===== Data below

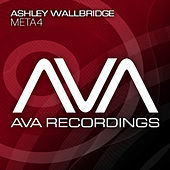 Thumbnail for the Ashley Wallbridge - Meta4 link, provided by host site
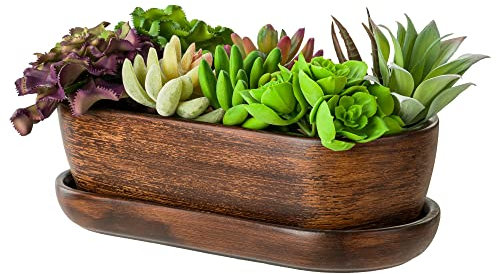 Pot de fleurs en céramique - Bol de cactus - Dessous de verre - Trou d'eau - Cactus - Bonsaï - Plantes succulentes (ovale, marron foncé)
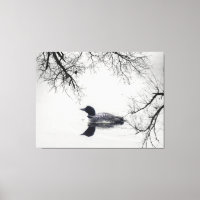 Black white loon lake Canvas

==========

#### [Work required]
Leave out every picture and write out exactly the lines running from the line containing "Pot de fleurs" to the end of the listing above.

#### [Written reply]
 Pot de fleurs en céramique - Bol de cactus - Dessous de verre - Trou d'eau - Cactus - Bonsaï - Plantes succulentes (ovale, marron foncé)
 Black white loon lake Canvas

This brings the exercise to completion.